Neil Armstrong wants NASA back in space
Neil Armstrong - the first person to walk on the moon - recently told Congress that America simply cannot maintain a realistic leadership position without human access to space.
"After a half century in which Americans were being launched into Earth orbit and beyond, [we] find [ourselves] uncertain of when [we] can reasonably expect our astronauts to travel to the International Space Station (ISS) or other off the earth destinations in other than a foreign built and commanded spacecraft," Armstrong testified before the House Committee on Science, Space, and Technology on Thursday.
"For a country that has invested so much for so long to achieve a leadership position in space exploration and exploitation, this condition is viewed by many as lamentably embarrassing and unacceptable."
According to Armstrong, NASA will always have plenty to do in Low Earth Orbit (LEO), including Earth observation and imagery/measurement programs, both from the International Space Station and from spacecraft in other orbital inclinations.
However, the former astronaut emphasized that larger human exploration goals lie beyond LEO, such as Luna, the lunar Lagrangian points, Mars and its natural satellites, and Near Earth Objects including meteoroids, comets, and asteroids.
Unsurprisingly, Armstrong chose to emphasize the importance of returning to the moon, for reasons which he described as "compelling."
"While visiting an asteroid has been discussed for many decades and the value of reducing the threat of near Earth objects colliding with Earth is unquestioned, the potential value of returning to the moon is substantially higher," he stated.
Armstrong also seemed rather optimistic about NASA's recent decision to move ahead with its next-gen Space Launch System (SLS), opining that it appeared to meet the intent of a Congressional mandate.
"It is not a revolutionary proposal.
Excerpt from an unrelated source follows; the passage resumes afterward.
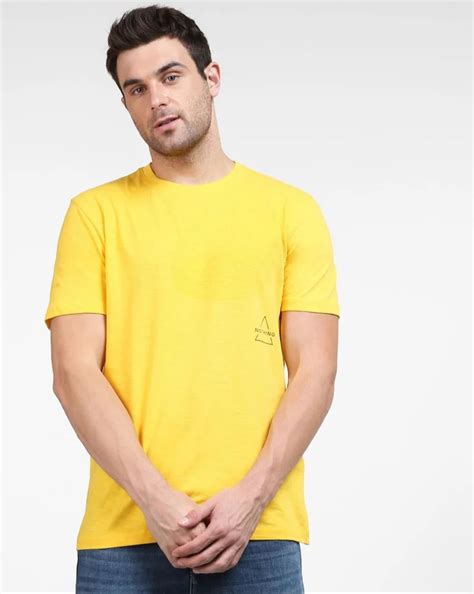 Kevin Miller - Purple Tshirts for men Manufacturer from Mumbai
The National Space Strategy of the mid 1980s outlined plans to design and build a new expendable heavy booster with the ability to lift 136 metric tons into Earth orbit," Armstrong explained.
"In identifying the new rocket as being 'evolvable so it can be adapted to different missions as opportunities arise and new technologies are developed,' [NASA] Administrator Bolden make an excellent point. The ability to assemble various rocket stages into a variety of different configurations to meet ever changing needs is vitally important and often under-appreciated."
Armstrong concluded his testimony by recommending that NASA - riven by conflicting forces and the dashed hopes of canceled programs - must "find ways" of restoring hope and confidence to a confused and disconsolate work force.
"The reality that there is no flight requirement for a NASA pilot-astronaut for the foreseeable future is obvious and painful to all who have, justifiably, taken great pride in NASA's wondrous space flight achievements during the past half century.
"In space fight, we are in the process of exhausting alternatives. I am hopeful that, in the near future, we will be doing the right thing," he added.